Au centre, soie (mordancée)  sans autres ajouts. En haut au milieu, et dans le sens des aiguilles d’une montre, tous essais sur laine : laine sans ajout (c’est à dire, dans le même bain que la soie, la différence est incroyable !), le beige rosé : ajout de sulfate de fer, le violet-rose : ajout de bicarbonate + sulfate de fer,  le rouge : ajout de soude caustique (la nuance sur la laine avec soude caustique est proche de celle de la soie sans rien), le magenta : ajout de bicarbonate de soude.

Essais avec du rocou :

A droite, décoction des graines à l’eau, à gauche, ajout en plus de soude caustique pour obtenir un jaune d’or (source Dominique Cardon). La teinture au rocou, comme pour le Carthame, ne nécessite pas de mordançage préalable.

Et puis enfin mes essais récents :

À gauche du coton mordancé au Tara avec ajout de sulfate de fer pour obtenir un noir violacé, en haut rocou sur mohair et soie, à droite carthame sur du lin (rhâââ !:wub_tb: ). Le Tara est intéressant car il permet de mordancer le coton, j’y consacrerais d’ailleurs des essais.

Voilà pour mes débuts. Je ne pensais pas obtenir des couleurs si vives, mais je pense que l’eau que j’utilise a son importance. Ici l’eau vient du massif forestier, elle est légèrement acide (elle a d’ailleurs un goût que je n’aime pas trop). Il semble que l’eau douce donne de bien meilleurs résultats que l’eau dure. Il est conseillé, en cas de résultats décevants, d’ajouter un tout petit peu de vinaigre dans l’eau, ou bien d’utiliser de l’eau déminéralisée, de l’eau de pluie ou de l’eau adoucie.

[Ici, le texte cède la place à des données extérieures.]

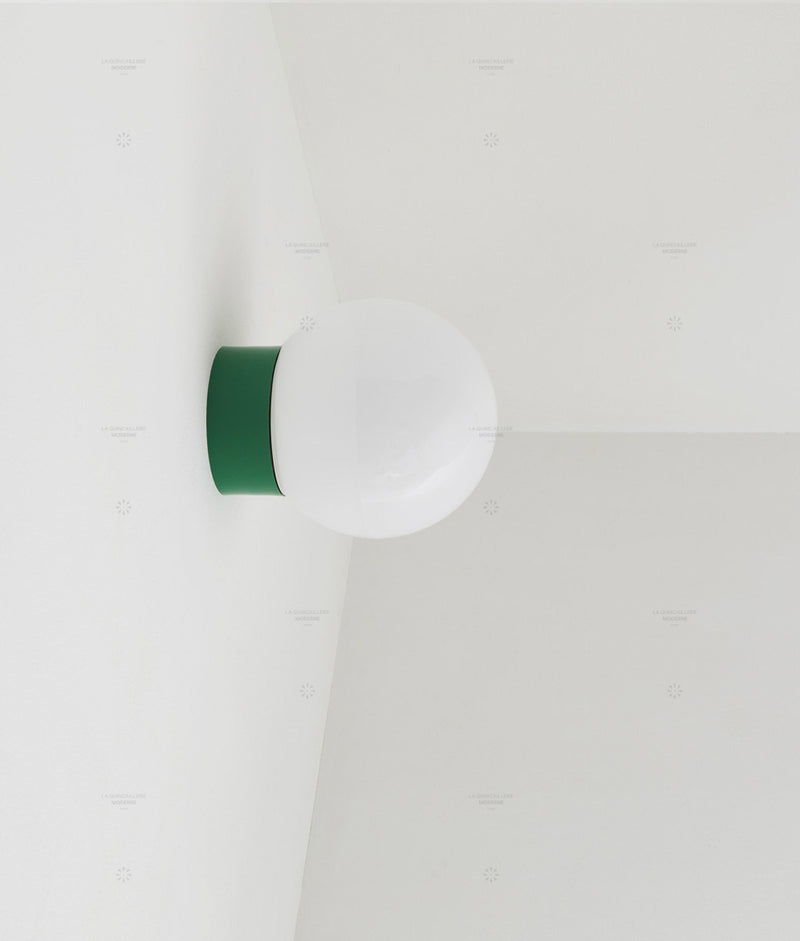 La Quincaillerie moderne - Applique / plafonnier "Bauhaus", vert prairie opaline blanche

Aussi, quand on parle « teintures végétales » ou « teintures naturelles », on pense tout de suite au côté bio (la santé), et au côté respect de l’environnement. Nombre de sites et d’ouvrages sur le sujet, parlent de mordancer au chrome et à l’étain, qui sont des métaux lourds, dangereux pour la santé, et très nocifs pour l’environnement. Personnellement, ce sont deux produits que je n’utiliserai pas. Si je veux une couleur vive qui tienne dans le temps, j’aime autant utiliser les teintures « chimiques ».